Dr Azzopardi declined to comment any further when contacted and limited further tweets to Easter greetings. The Times asked PN general secretary Paul Borg Olivier what he made of Dr Azzopardi’s suggestion, but he too was unavailable for comment.

Each member of Malta’s Parliament is paid a €19,000 yearly honoraria, which is then taxed at standard full-time rates. Getting each of the PN’s 30 MPs to heed Dr Azzopardi’s suggestion would moisten the party’s dried-up coffers by €95,000, before tax.

Although the party has not made its accounts public, the amount it owes creditors is substantially greater than that. As recently as four weeks ago, the PN had admitted taking out a €250,000 loan with construction magnate Zaren Vassallo.

The PN is struggling to pay its bills, with party administrators forced to call a staff meeting last week in which employees were told their March wages would only be paid at some point in April.

Dr Borg Olivier had also told The Times last Saturday that Medialink Communications, which runs the party’s print, radio and television platforms, will be restructured.

Around 150 people work for the PN and its affiliated companies, including a number of part-timers who are expected to be the first to feel the restructuring pinch.

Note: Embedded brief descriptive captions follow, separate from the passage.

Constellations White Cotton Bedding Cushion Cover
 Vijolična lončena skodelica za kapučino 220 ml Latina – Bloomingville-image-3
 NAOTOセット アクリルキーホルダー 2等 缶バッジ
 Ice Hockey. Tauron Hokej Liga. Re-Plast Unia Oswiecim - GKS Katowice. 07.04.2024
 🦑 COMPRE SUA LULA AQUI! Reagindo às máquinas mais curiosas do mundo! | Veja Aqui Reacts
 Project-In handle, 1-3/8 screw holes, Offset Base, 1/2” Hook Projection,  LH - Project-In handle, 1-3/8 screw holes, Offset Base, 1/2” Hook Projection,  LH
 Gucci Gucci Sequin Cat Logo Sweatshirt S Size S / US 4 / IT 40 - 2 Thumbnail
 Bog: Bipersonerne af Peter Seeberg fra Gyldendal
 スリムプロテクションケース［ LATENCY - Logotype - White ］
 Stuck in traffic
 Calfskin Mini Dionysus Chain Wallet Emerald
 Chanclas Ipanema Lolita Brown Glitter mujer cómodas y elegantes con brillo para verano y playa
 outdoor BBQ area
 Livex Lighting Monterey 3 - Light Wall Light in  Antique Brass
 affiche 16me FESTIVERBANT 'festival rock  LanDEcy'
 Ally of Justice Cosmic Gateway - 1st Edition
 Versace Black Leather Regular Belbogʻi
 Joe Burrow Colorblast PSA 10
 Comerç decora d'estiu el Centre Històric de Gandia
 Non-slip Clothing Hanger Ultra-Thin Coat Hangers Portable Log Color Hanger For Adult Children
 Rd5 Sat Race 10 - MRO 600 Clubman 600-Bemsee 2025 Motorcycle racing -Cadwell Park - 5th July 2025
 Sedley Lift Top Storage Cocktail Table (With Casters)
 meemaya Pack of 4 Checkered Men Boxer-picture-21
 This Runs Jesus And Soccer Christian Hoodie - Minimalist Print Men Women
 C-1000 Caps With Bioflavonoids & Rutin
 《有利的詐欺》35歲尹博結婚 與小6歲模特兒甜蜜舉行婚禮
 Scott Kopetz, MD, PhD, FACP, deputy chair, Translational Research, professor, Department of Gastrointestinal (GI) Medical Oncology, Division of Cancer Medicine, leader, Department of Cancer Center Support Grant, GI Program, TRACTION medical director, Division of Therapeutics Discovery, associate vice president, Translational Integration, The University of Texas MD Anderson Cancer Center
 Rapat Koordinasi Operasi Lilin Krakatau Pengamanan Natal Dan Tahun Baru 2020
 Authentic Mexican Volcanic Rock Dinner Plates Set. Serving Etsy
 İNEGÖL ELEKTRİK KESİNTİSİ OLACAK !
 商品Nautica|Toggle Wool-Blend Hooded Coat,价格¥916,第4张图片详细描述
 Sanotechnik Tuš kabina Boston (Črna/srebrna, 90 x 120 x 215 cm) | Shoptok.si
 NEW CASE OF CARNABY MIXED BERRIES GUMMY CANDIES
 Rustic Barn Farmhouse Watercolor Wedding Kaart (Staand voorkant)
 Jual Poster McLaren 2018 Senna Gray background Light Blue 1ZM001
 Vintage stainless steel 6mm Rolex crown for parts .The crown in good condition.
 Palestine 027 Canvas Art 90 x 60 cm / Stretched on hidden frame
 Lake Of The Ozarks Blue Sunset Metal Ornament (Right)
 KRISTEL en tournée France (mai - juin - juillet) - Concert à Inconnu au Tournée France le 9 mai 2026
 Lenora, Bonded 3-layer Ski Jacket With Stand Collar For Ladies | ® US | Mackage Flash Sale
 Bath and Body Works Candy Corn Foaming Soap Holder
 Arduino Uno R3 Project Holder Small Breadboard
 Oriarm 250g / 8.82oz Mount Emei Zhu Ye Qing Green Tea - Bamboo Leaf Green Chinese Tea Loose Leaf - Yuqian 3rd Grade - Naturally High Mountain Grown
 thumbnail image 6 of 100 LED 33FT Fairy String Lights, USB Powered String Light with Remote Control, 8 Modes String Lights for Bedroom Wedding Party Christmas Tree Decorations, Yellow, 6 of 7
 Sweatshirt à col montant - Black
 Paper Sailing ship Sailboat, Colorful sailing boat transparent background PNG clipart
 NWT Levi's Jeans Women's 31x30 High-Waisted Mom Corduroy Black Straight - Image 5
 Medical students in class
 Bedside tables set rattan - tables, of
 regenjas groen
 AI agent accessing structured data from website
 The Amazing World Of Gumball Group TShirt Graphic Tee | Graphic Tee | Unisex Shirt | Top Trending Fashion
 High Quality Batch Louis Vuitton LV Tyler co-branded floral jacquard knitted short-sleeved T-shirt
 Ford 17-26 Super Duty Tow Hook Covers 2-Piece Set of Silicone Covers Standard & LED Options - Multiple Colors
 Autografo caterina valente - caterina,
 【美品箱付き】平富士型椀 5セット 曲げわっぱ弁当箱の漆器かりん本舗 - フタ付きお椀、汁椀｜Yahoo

Despite the trepidation and uncertainty, one Medialink employee told The Times that they were trying to look at the bright side. “At least this means the party will completely shake itself up, rather than tweaking a thing here and there,” they said.

According to a former Medialink employee, the PN’s financial headaches dated back over a decade. “Some of the problems, such as the impact of 9/11 on [PN travel agency] Euro Tours, weren’t of the party’s own doing. But not enough was done to mitigate them...the writing was on the wall.”